Top Marine: Some troops will stay in Afghanistan past 2014

A top Marine Corps general overseeing coalition forces in Afghanistan on Monday warned against a hasty retreat from the country and revealed that specialists in several areas will have to remain past the 2014 Obama withdrawal because Afghan troops won’t be up to speed in key areas.

Maj. Gen. John Toolan, on a short publicity tour to talk up the successes in Afghanistan as some lawmakers push to cut the mission short, told an Atlantic Council audience that specialists in intelligence, battlefield medicine, artillery, criminal investigation and special operations will have to stay on past 2014 when Afghan troops and police are supposed to take over in the war on the Taliban.

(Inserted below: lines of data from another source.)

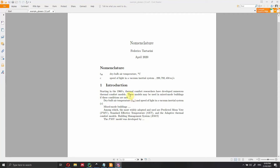Hi everyone, my name is Federico Tartarini and in this video I'm going to show you how you can add the nomenclature to your document. After this video you will be able to add a section called nomenclature, define the variables as you prefer, provide their definitions, and add units. We're also going to be able to reference variables in the text, capitalizing them at the beginning of a sentence or using lowercase within the text.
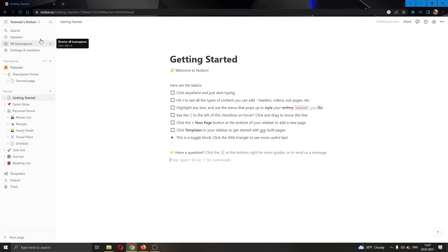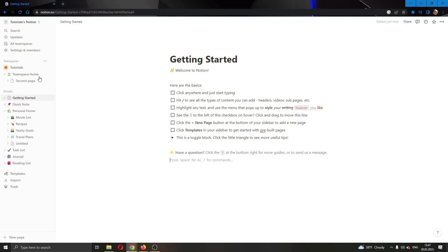The first thing you want to do is go ahead to the official Notion.so website and log into your account. After logging in and creating your first Notion, you will be greeted by this main page right here where you can see all the pages that you have in your Notion.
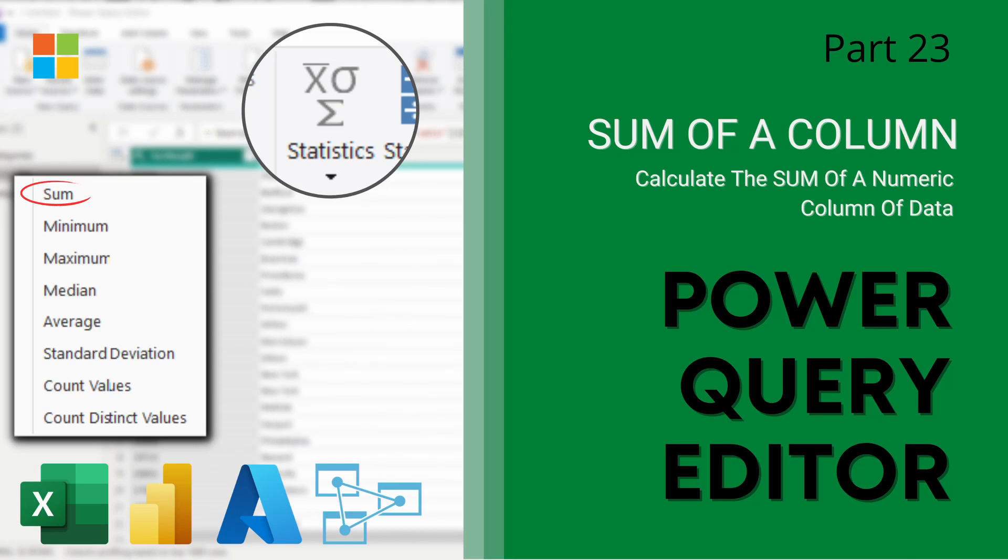we're going to be showing you how to calculate the sum of a column of numeric data in the Power Query Editor. So let's dive right into the demo.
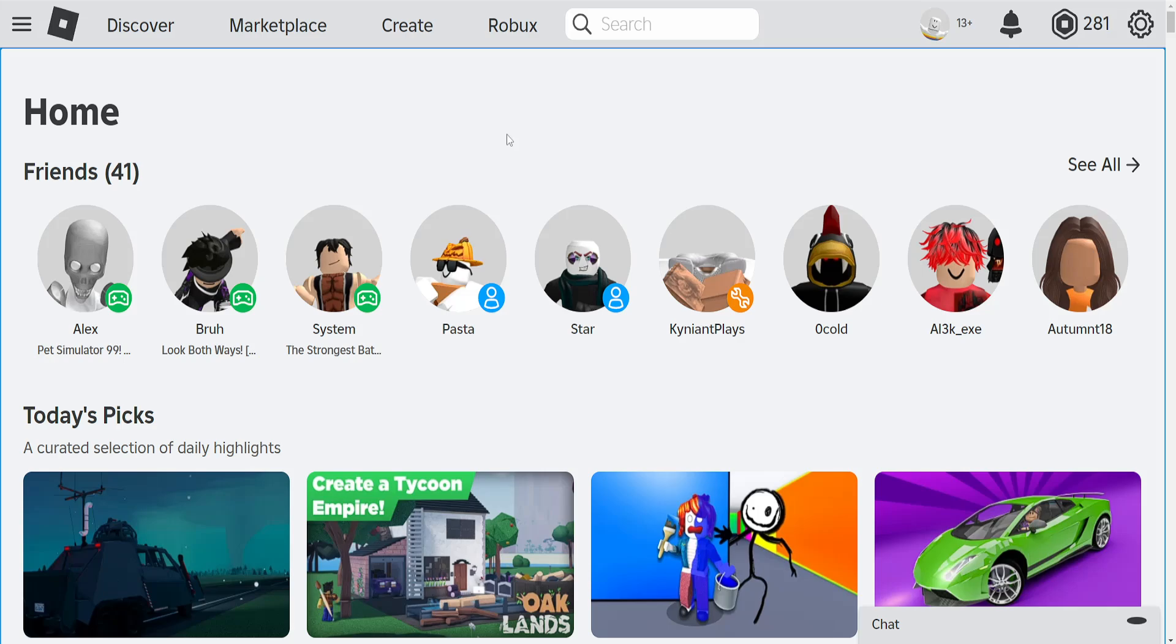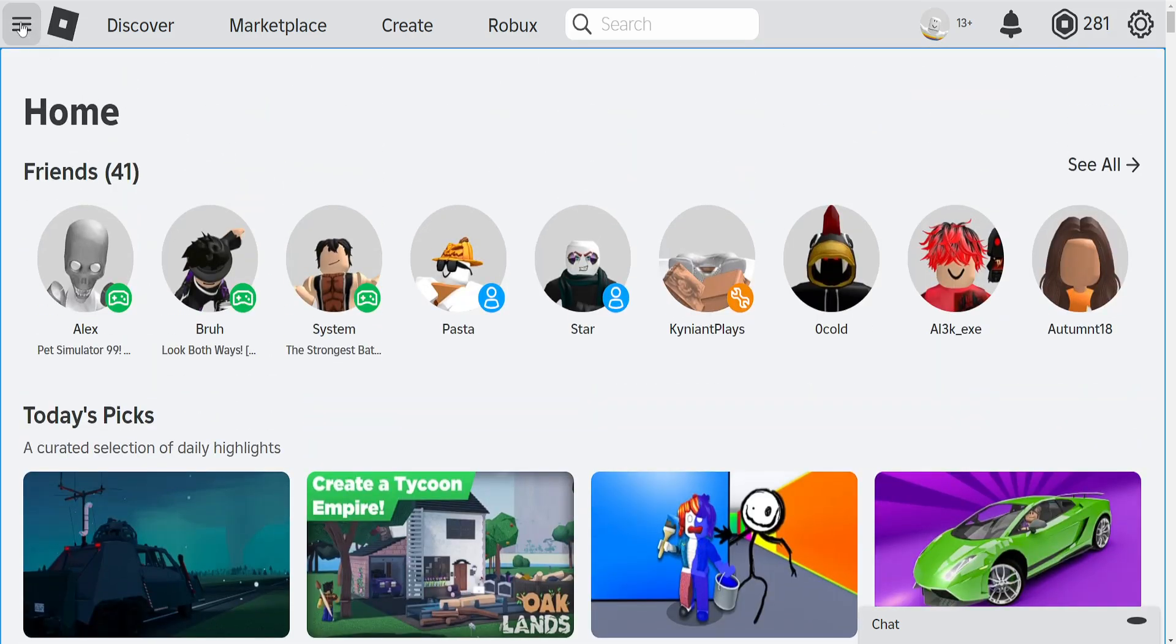How to accept group requests in Roblox. So if you have people requesting to join your group and you want to know how to do it,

“They are going to need our support,” said the commander of 2nd Marine Division.

Toolan said that while Afghan troops excel at human intelligence, they don’t have the surveillance and reconnaissance capabilities that U.S. forces have. He said that the coalition has been providing battlefield medical support, and they don’t have the doctors and medics ready to take over. More critically, he said that American “fire support” should stay past 2014 because an imprecise shot could kill innocents, undermining the government’s efforts.

“An errant round, an errant bomb, could just exacerbate the whole problem again, so that’s going to have to stick around for awhile,” said Toolan, who recently returned from a yearlong deployment as commander of II Marine Expeditionary Force Forward and Regional Command Southwest in the Helmand and Nimroz provinces.

Toolan provided a positive report on the successes in formerly war-torn Helmund Province but warned that a hasty exit and local corruption threaten to reverse U.S. advances. He left the impression that Afghan military, police and even local leaders feel empowered to take control of their neighborhoods thanks to the support of the coalition forces, who are slowly pulling back.

He did have some harsh words for France, which has threatened to withdraw prematurely due to troop attacks, and Pakistan, which has ignored his requests to brake the influx of “lethal aid” into Afghanistan for Taliban fighters.

Toolan also asked the media and public to look at the larger victories in Afghanistan and not be detoured by the rare, though deadly, attacks that make headlines. He conceded that there are “insider threats” from Taliban suicide bombers, but that for every deadly attack that gets worldwide attention, there are 100 other events that tighten the bonds between Americans, coalition forces and the Afghans. “We have built a pretty strong bond and that needs to continue,” said Toolan.